National Instruments add two more DAQs to it's family of USB DAQs

National Instrument has released two new high performance Data Acquisitions Devices (DAQ) with USB interface for PC based instrumentation. The USB-6221 and USB-6229 offers 32 analog input channels with a sampling rate of 250 kS/Second per input channel.

The complete range of USB DAQ devices from National Instruments work on signal streaming technology by effectively making use of bandwidth and performance of USB serial bus technology for seamless data transfer between DAQ and the Computer.

The technology used is message based rather than register based configuration, so most of the configuration happens in the devices itself making the USB bus less traffic crowded.

These devices are easy to use, small in size, portable and plug and play type.

The other key features are,
Four 16 bit, 833 kS/S analog output channels
48 digital I/O channels with up to 32 clocked at 1MHz.
Two 32 bit counter/timers
A low-noise NI-PGIA 2 amplifier and,
NI-MCal, a third-order calibration methodology correcting for gain, offset and non- linearity errors at all input ranges.


National Instrument's software support is very good.
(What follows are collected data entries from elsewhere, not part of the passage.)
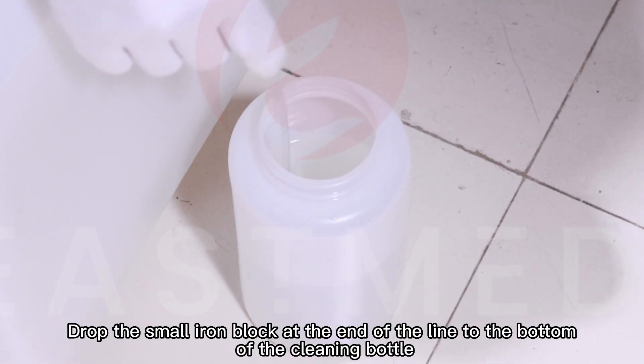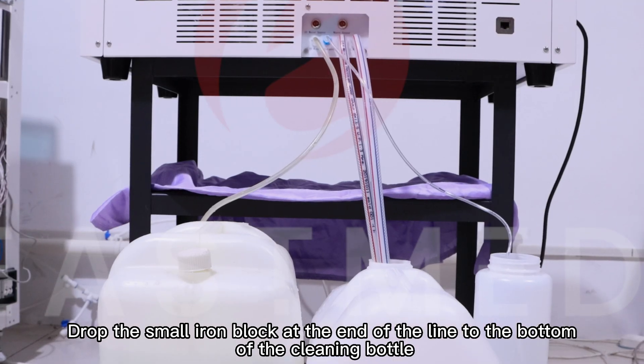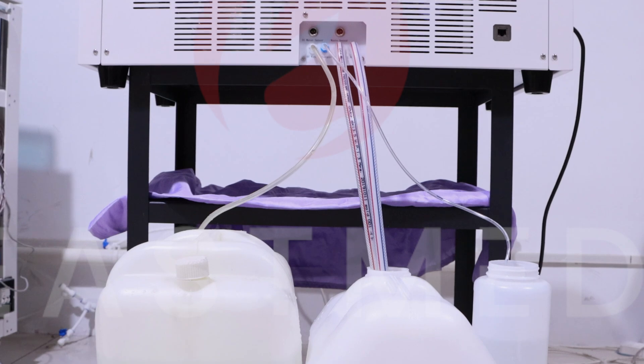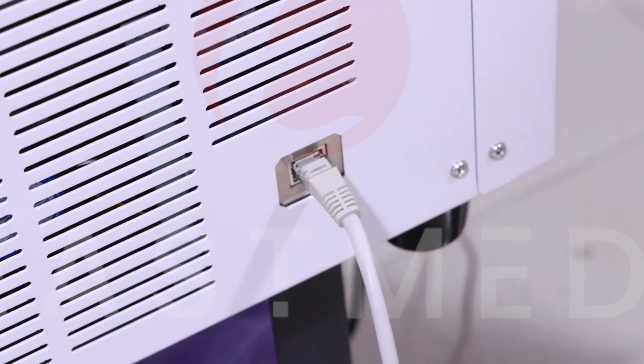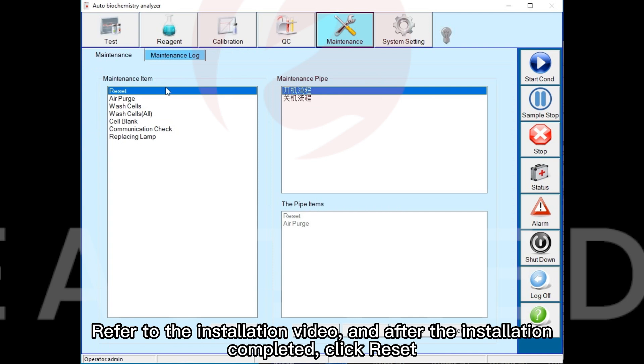Drop the small iron block at the end of the line to the bottom of the cleaning bottle. Plug in the network cable. Refer to the installation video, and after installation is completed, click reset.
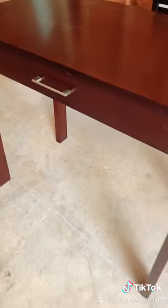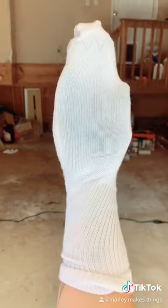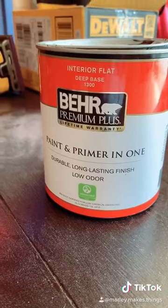So I took this old desk that I had that desperately needed to be updated, and I started by giving it a good sand. Then I put on a rubber glove and topped that with a clean brand new sock, dipped my weird little sock hand in the paint, and just kind of rubbed my painted sock hand on the desk.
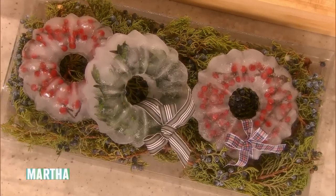We're going to make ice wreaths. This is a great project for a snow day. It's quick, inexpensive, and the process couldn't be easier.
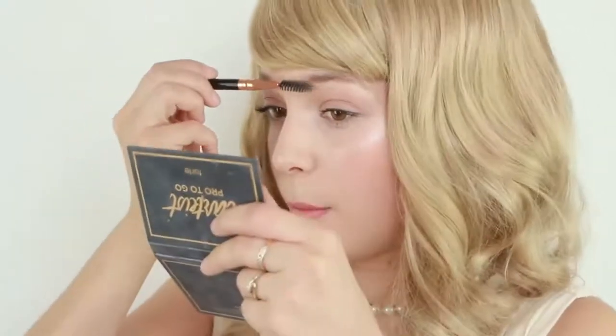For the eyebrows, I really recommend going as natural as possible. If you have gaps that you want to fill in, go ahead and fill those in.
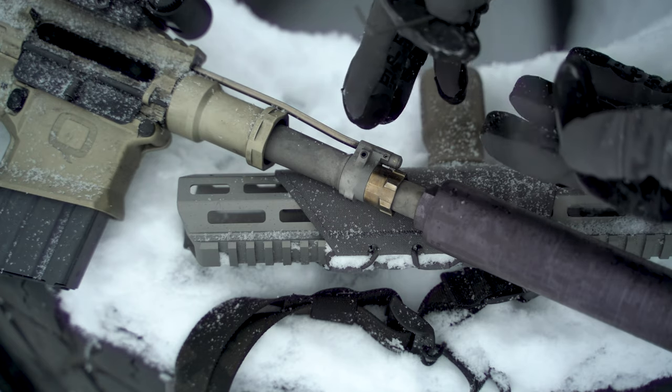Hopefully this has been helpful in adjusting your adjustable gas block by Q. Really not much to it — you just want to make sure you have enough gas going into the system to work with your least powerful load. So if you have this on an AR, whatever your cheap training ammo is, adjust it to that. Chances are your hotter defensive stuff is definitely going to cycle. Always err on the side of whatever is underpowered at the end of the day.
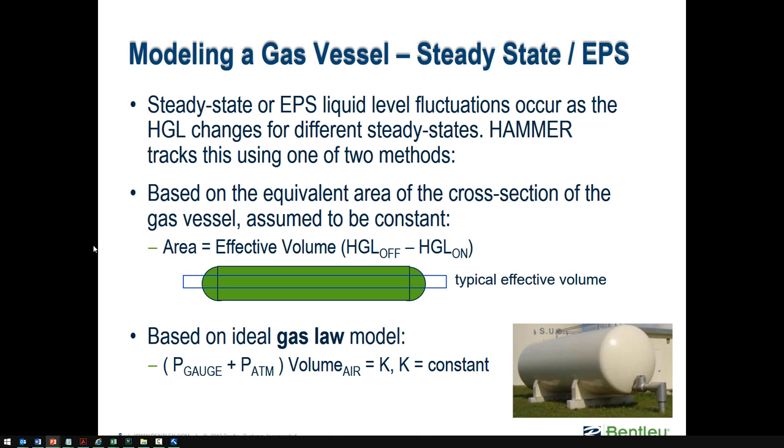As far as modeling hydropneumatic tanks during initial conditions — steady state or EPS — the liquid level can fluctuate depending on how you're using them. If you're using it as a tank that fills and drains during normal operations, the initial condition solver will handle it. A hydropneumatic tank will act as a hydropneumatic tank even in WaterCAD or WaterGEMS. There are two options: the constant area approximation and the gas law model.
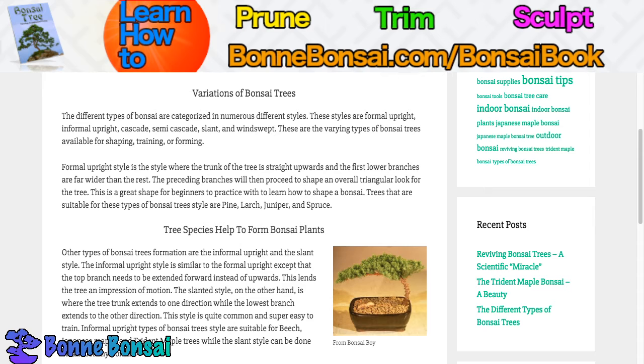The formal upright style is a style where the tree grows straight upwards and the first lower branches are far wider than the rest. The branches above proceed to shape an overall triangular look for the tree. This is a great shape for beginners to practice with to learn how to shape a bonsai. The trees suitable for this style are pine, larch, juniper, and spruce.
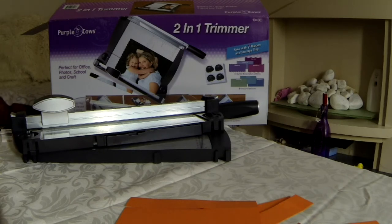Hope you enjoyed that box opening. Any questions, remember to ask and I will do my best to answer them for you.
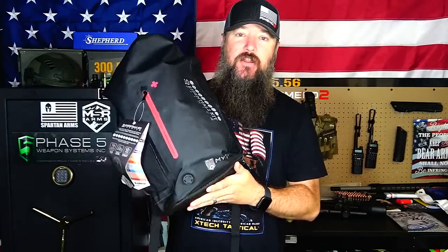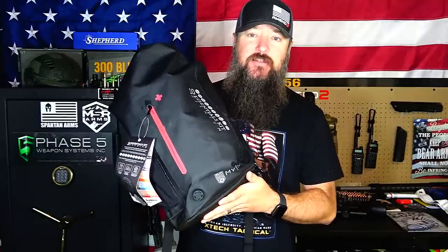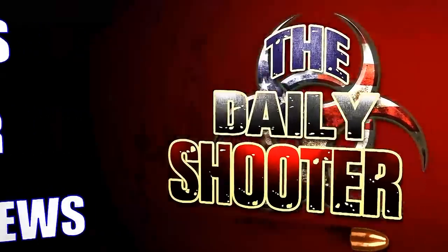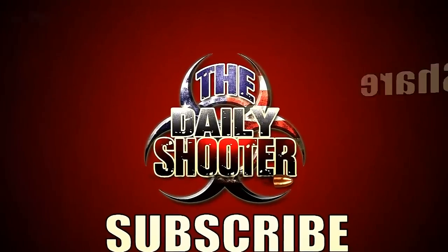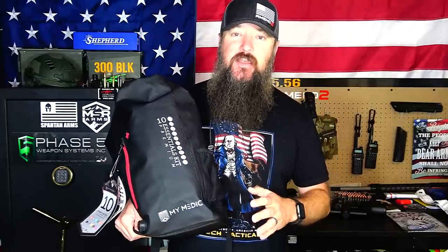We're going to go ahead, take everything out, and take a look at what you get in the MyMedic 10 Essentials Kit. If you guys are interested, there'll be a link down below. Before we dig into this thing and show you all the different stuff — there's over a hundred pieces — let me talk about the pack real quick.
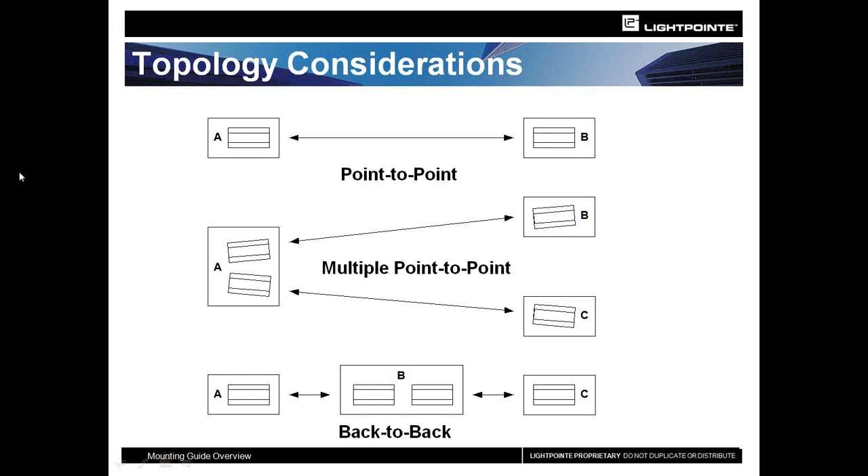Alternatively, if buildings are in a row — A as headquarters, B as remote one, C as remote two — you can go from A to B, put a switch in building B for a drop-off, then carry on to C. This lets you extend the distance or get both buildings connected even without true line of sight to building C. A back-to-back solution also works if you need to extend distance — for example, if the product is recommended for one kilometer but you have a one-and-a-half kilometer shot, you can use a midpoint building to bridge the gap.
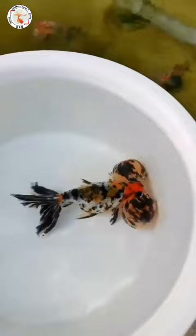Very balanced body, gorgeous swimming. Very good quality.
They have support for both programmers and non-programmers.

Each USB DAQ is accompanied with data-logging software. Programmers can use NI-DAQmx driver software and measurement services. The driver software provide multidevice synchronization, automatic code generation and open API.

The software driver works with National Instruments LabVIEW, LabWindows/CVI, Measurement Studio and SignalExpress, as well as C/C++/C# and Microsoft Visual Basic and Visual Studio .NET languages.

You can turn your PC into a powerful measuring instrument (Scope, multimeter, etc..) with a budget starting from Rupees 5000 onwards. The lowest priced DAQ from NI costs US$100.